Today, Walden Logging is mechanized with an array of equipment that allows it to undertake both select cutting and final cuts in pine. Tracy operates a Tigercat 720G buncher. Lengths are skidded to a landing with Tigercat skidders – one 620E and one 620C, where CSI delimbers and Barko loaders are deployed.

The CSI delimbers “are one of our most important pieces of equipment,” said Tracy. Walden Logging works one job site at a time.

Tracy owns two CSI delimbers, each one is paired with a Barko loader. One Barko 495 Magnum, trailer mounted on a Pitts, works with a tag-a-long CSI delimber. A second Barko 595 Magnum Plus, trailer mounted on a Pitts, also works a tag-a-long CSI delimber.

The Barko 595 is the most recent machine purchase Tracy made from Knight Forestry. He bought the 2015 model in November 2014. One of the many features that drew him to the machine was the opportunity to realize fuel savings, he explained.

One way the Barko 595 conserves fuel is via its load-sensing system. Because it can match the power to the load, fuel is not wasted.

Ability of the Barko 595 to deliver power to match load derives from load-sensing valves and pump that meter, thereby measuring pressure and flow. The grapple on the loader is built for precision, so the operator need not make unnecessary moves. That, in turn, reduces operator fatigue. The Barko 595 provides a reach of 32 feet.

Barko Hydraulics LLC is based in Superior, Wis. Knight Forestry has a full range of Barko ML loaders in stock. It also sells Pitts, CSI and many more brands.

“The [Barko] 595 [is well-suited] to bigger wood, [yielding] more production,” said Jason. That makes it a good fit for Tracy’s company.

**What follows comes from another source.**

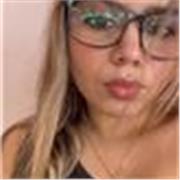 Estudiante universitaria con avanzado nivel de inglés dispuesta a impartir conocimiento en niños y jóvenes de manera personalizada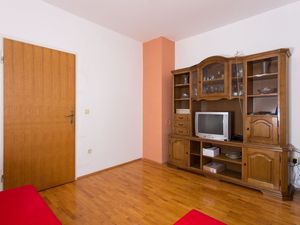 24057500-Ferienwohnung-3-Dubrovnik-300x225-1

Jason knows Walden Logging very well. “We’ve been selling them equipment for years and years,” he said. Moreover, the good relationships extend to friendships outside of business transactions that have developed across the long interval.

Knight Forestry will service almost any brand of equipment, unless it is under warranty, said Jason. It’s prepared to keep loggers up and running by providing ready access to parts.

“We also do all service on the scales, SI brand, on Tracy’s trucks,” said Jason. SI/Allegany truck scales are a product of Sonich Industrial Sales Co., Cleveland, Ohio.

Tracy’s company does its own trucking, hauling the sawlogs, poles, chip-n-saw and pulpwood to their buyers. All trucks are Kenworth models.

Most job sites for Walden Logging are within a 75-mile radius of its home base in Cairo, Ga. Located in Grady County in the southwest portion of the Peach Tree State, Cairo is fewer than 40 miles north of Tallahassee, Fla. The town has approximately 9,600 residents.

The Tigercat 720G feller buncher that Tracy runs is designed for tight fits. Riding on four rubber tires it can maneuver well in plantation stands, maximizing grab and bunch while minimizing disruption.

Equipment choices are made carefully at Walden Logging, which cuts mostly on private land. We asked Tracy what philosophy guided him in his work. “Treat everyone’s property as if it were your own,” he said.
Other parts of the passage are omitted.